John Scarlett, a mill and distillery owner along the Humber River, laid out what is now Runnymede Road in 1817.

Despite its name, Runnymede Collegiate Institute is actually on Jane Street, although it is located in the Runnymede neighbourhood. Runnymede Park is located one block east of Runnymede Road, north of its intersection with the Canadian Pacific Railway line.

The Toronto Civic Railways Bloor West streetcar route was not extended to Runnymede until 1917, because a large ravine near present-day Glendonwynne road. This streetcar would later be replaced by a subway.
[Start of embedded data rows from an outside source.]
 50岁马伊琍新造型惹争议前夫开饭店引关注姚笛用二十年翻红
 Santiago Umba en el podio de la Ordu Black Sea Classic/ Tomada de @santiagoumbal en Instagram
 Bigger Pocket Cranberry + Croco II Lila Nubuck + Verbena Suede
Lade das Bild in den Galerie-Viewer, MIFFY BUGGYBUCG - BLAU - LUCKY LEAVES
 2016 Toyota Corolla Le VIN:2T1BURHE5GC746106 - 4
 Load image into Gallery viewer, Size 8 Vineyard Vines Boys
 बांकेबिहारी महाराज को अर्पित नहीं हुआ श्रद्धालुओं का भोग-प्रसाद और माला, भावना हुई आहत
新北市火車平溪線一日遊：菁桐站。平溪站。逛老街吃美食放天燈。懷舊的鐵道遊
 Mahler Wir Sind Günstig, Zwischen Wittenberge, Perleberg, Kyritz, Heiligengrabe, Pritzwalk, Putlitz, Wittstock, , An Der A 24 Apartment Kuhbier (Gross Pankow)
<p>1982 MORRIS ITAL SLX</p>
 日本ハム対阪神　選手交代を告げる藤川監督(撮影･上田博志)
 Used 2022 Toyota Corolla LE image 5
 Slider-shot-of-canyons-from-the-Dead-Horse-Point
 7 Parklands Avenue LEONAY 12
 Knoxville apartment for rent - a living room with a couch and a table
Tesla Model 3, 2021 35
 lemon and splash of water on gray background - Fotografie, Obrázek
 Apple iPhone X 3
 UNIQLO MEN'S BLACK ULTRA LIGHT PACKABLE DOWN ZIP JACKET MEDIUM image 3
At Bloor Street, TTC's Bloor-Danforth line 2 intersects creating Runnymede station. The 71 Runnymede and 79 Scarlett Road bus routes run north on Runnymede from Runnymede Station, both serving from Bloor to Henrietta. The 77 Swansea serves south of the station to Morningside.

According to Tony Ruprecht's history of Toronto's ethnic communities, Toronto's Many Faces,
Dundas Street between Runnymede and Keele is the heart of the Maltese diaspora.

HMCS Runnymede, a World War II Royal Canadian Navy vessel, was named after the Runnymede neighbourhood.